Everything from the line containing "Blaue Schlagjeans mit kariertem Besatz" through the last line of the listing below should be returned exactly, except for pictures.

■ Provided data ■
------

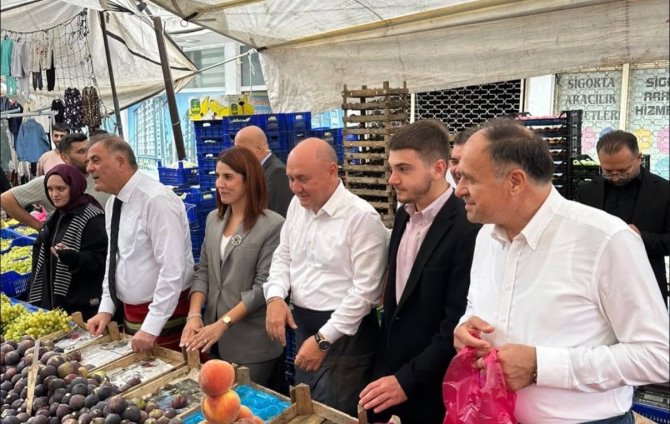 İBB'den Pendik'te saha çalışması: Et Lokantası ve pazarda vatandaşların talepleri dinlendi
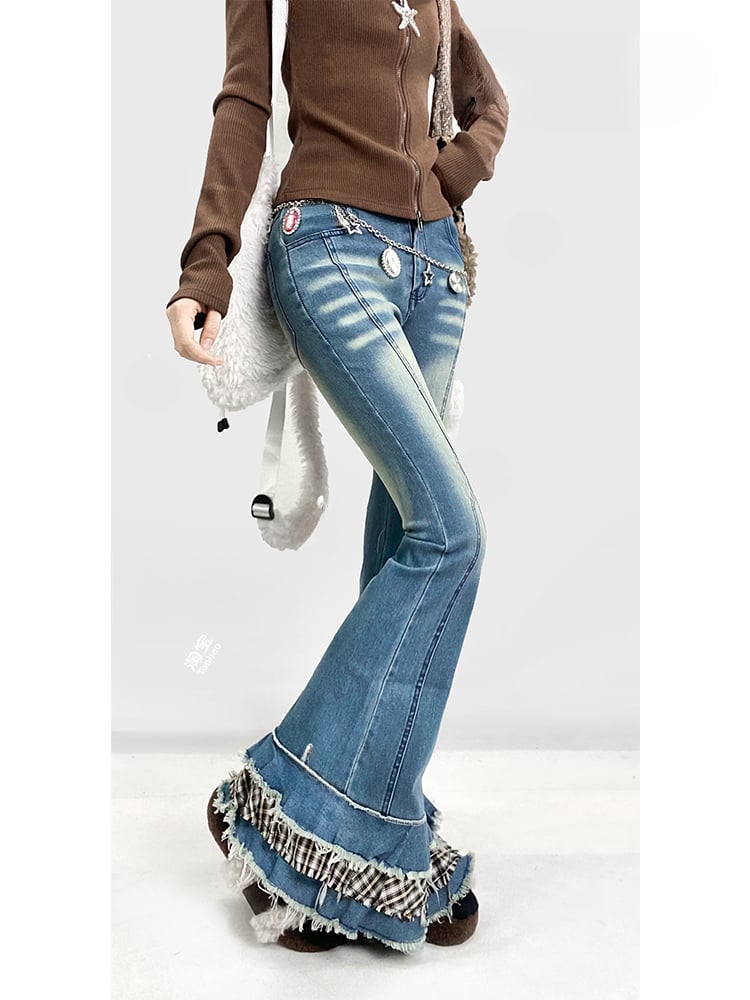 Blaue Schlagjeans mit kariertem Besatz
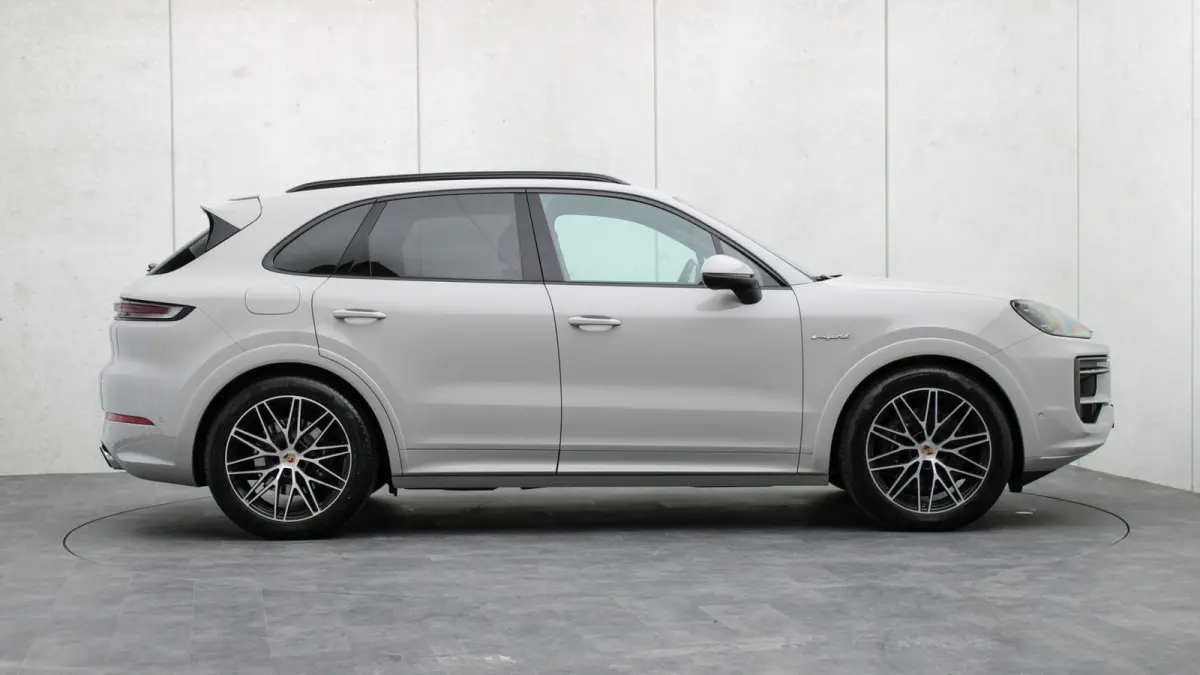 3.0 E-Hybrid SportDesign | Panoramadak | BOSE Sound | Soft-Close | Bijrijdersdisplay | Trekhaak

------

■ Response for this exercise ■
 Blaue Schlagjeans mit kariertem Besatz
 3.0 E-Hybrid SportDesign | Panoramadak | BOSE Sound | Soft-Close | Bijrijdersdisplay | Trekhaak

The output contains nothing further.